I have a dataframe df that looks like this
index Posts clean_text
0 Hi I am fine. [Hi, I, am, fine]
1 You are a piece of shit. [You, are, a, piece, of, shit]
.
.
.
I have a list named corpus that has 3000 foul words.
I want to go through the column clean_text and add a new row result to the df by check a condition for all the rows. The condition is:
if any one of the words of the list in any row of the column clean_text is present in the corpus, the column result will have the string Irrelevant, otherwise Relevant.
Example: if any word of the list [Hi, I, am, fine] is present in the corpus, the column result will have Irrelevant, otherwise relevant. Since, this list dose not have any foul words, the output should be relevant.
The desired output is :
index Posts clean_text result
0 Hi I am fine. [Hi, I, am, fine] Relevant
1 You are a piece of shit. [You, are, a, piece, of, shit] Irrelevant
.
.
.
I want to do this using lambda function.
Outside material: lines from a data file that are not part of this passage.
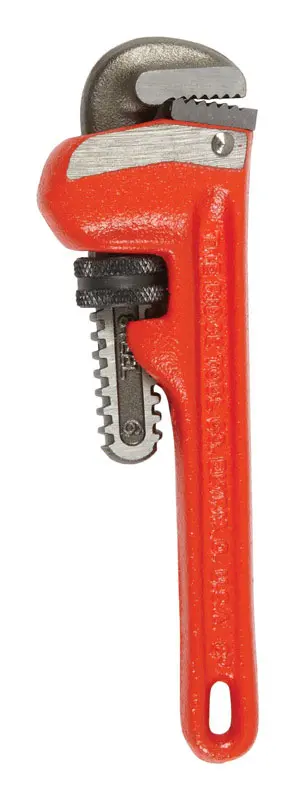 RIDGID Pipe Wrench 6 in. L 1 pc - Deal of The Week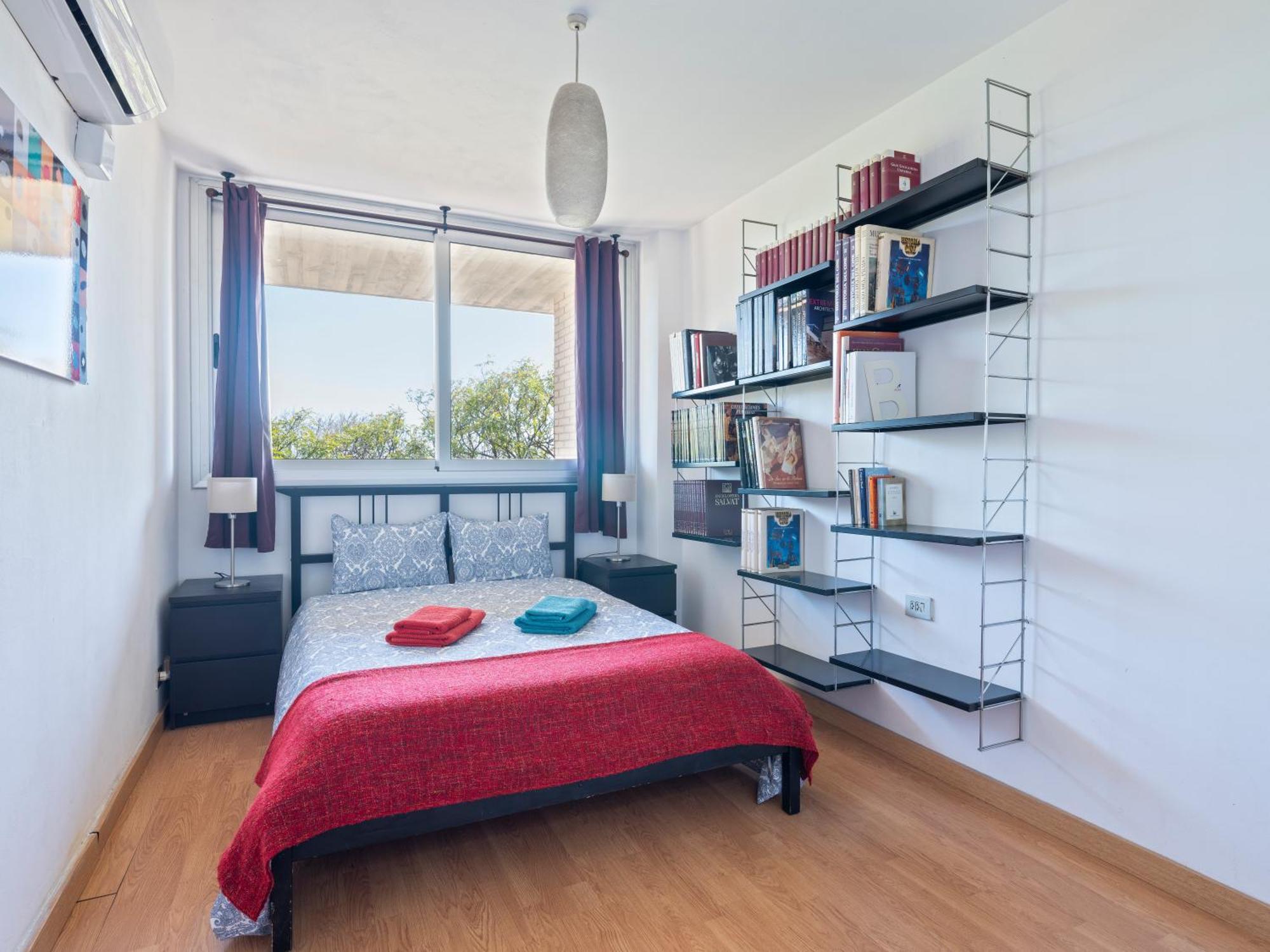 Olimpica Skyline Appartement Barcelona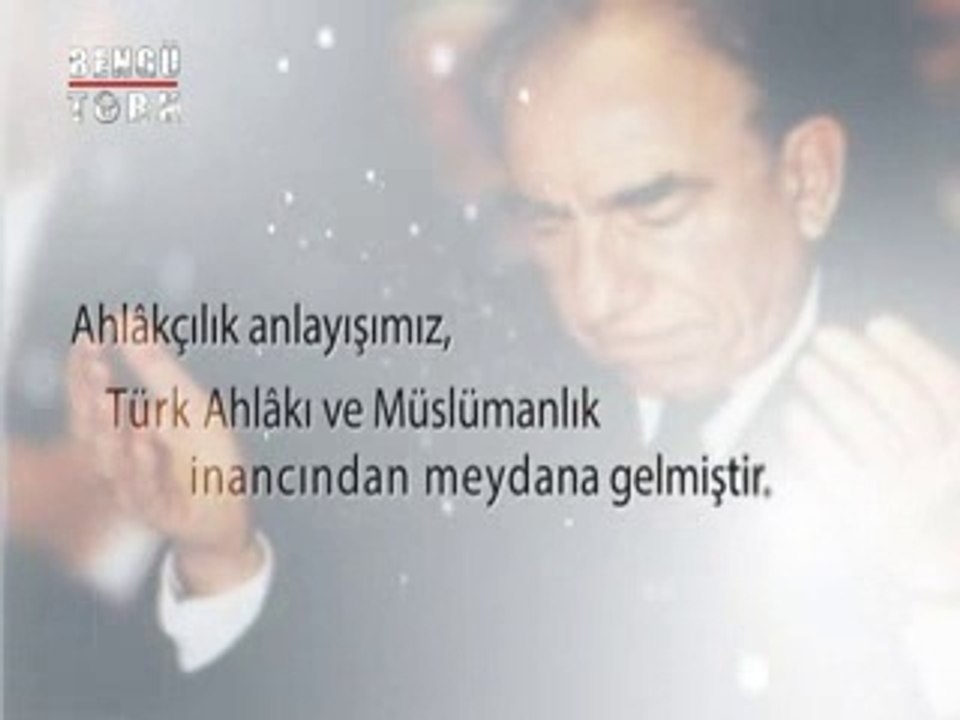 ALPARSLAN TÜRKEŞ - 3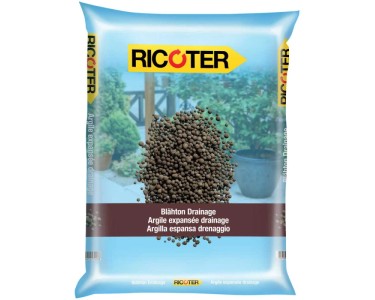 Ricoter Blähton Drainage 50 l kaufen bei OBI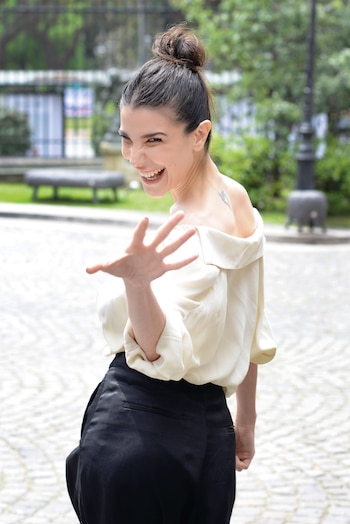 “Con Julieta (Ortega) estábamos predestinadas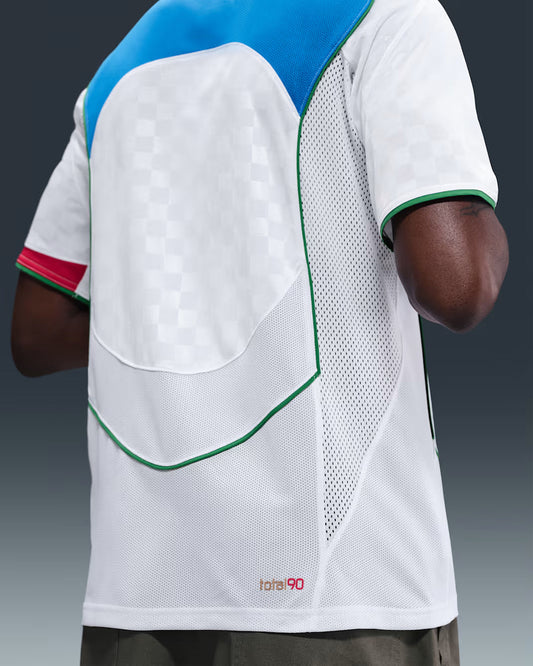 Total 90 - White Go Jersey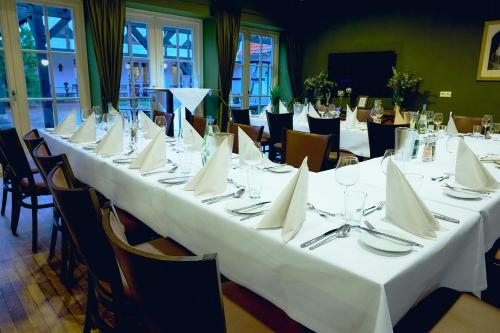 Restorāns, Landhotel Jann Hinsch Hof in Winsen (Aller)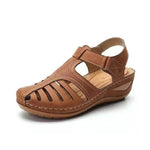 Baule Sandals - orthopedic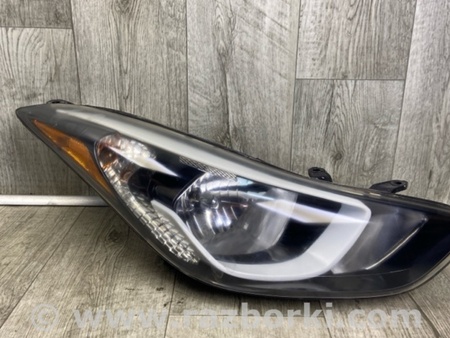 ФОТО Фара для Hyundai Elantra MD (04.2010-05.2016) Киев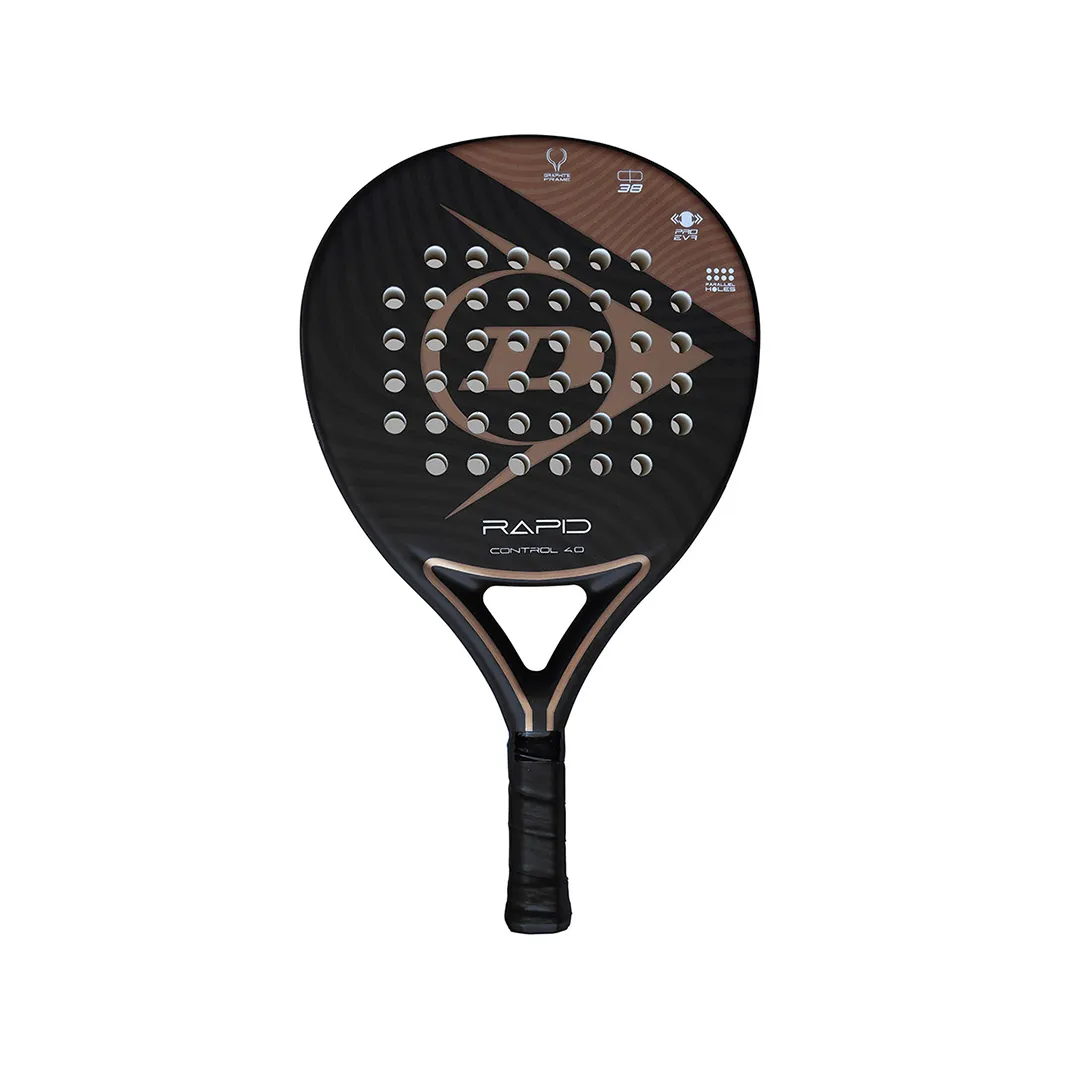 Raquette Padel Rapid Control 4.0 - Performance et Contrôle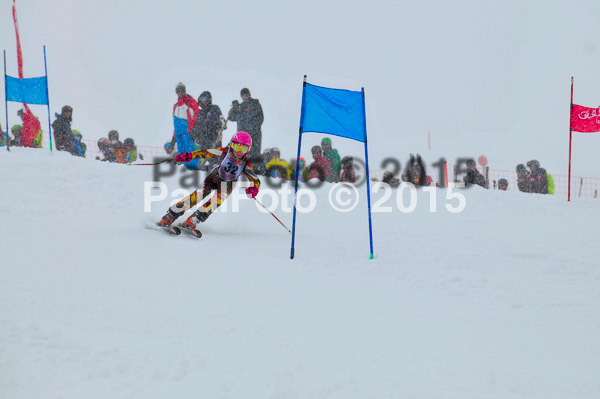 8. Pistenbully Kinderrennen 2015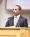الغانم يلقي خطابه أمام الجمعية العامة للاتحاد البرلماني الدولي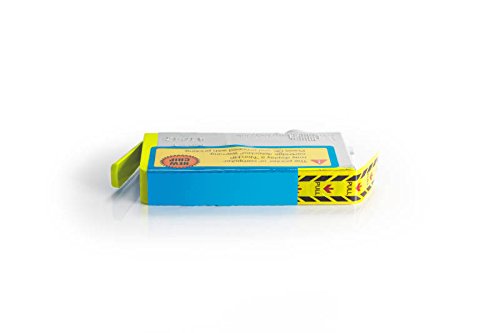 Recycled for HP PhotoSmart Plus B 209 a Ink Cartridge Yellow - Nr.364 XL / CB325EE - Inhalt: 15 ml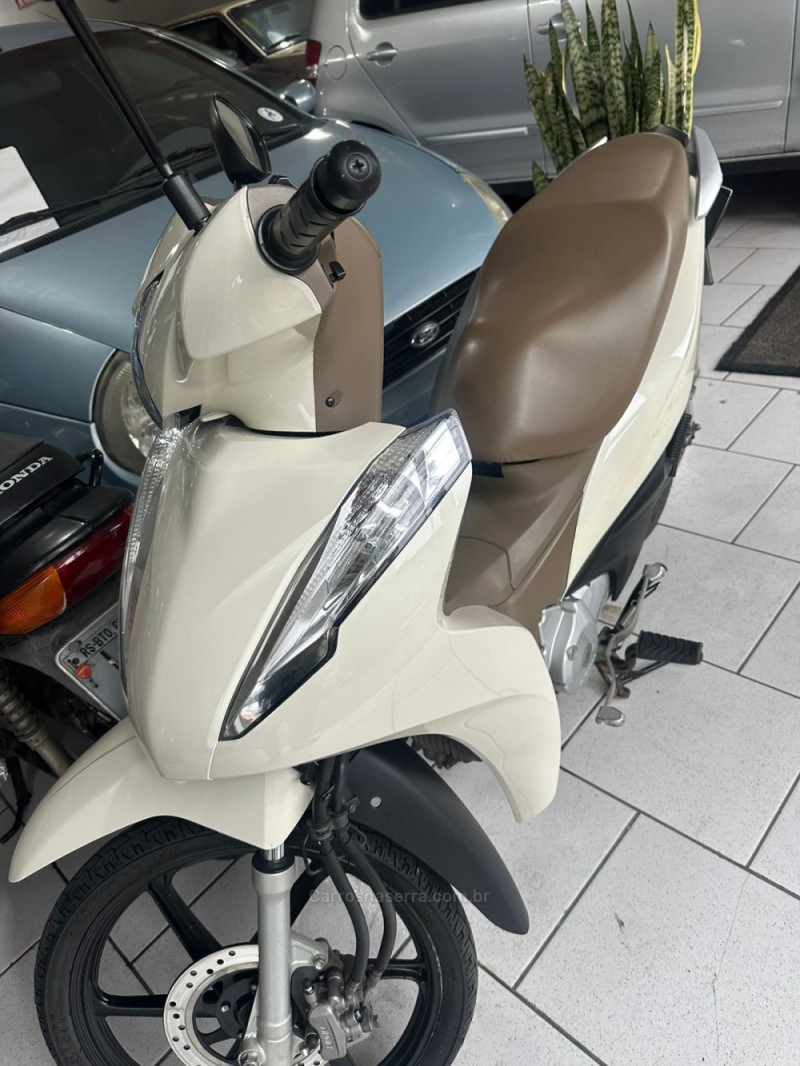BIZ 125 ES - 2019 - BENTO GONçALVES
I have done this so far-
df['result'] = df['clean_text'].map(lambda x: ["Relevant" for w in x if w not in corpus])
Firstly, I am unable to write the else part here and secondly it is showing an undesirable output like below.
index Posts clean_text result
0 Hi I am fine. [Hi, I, am, fine] [Relevant, Relevant, Relevant, Relevant]
1 You are a piece of shit. [You, are, a, piece, of, shit] [Relevant, Relevant, Relevant,...]
.
.
.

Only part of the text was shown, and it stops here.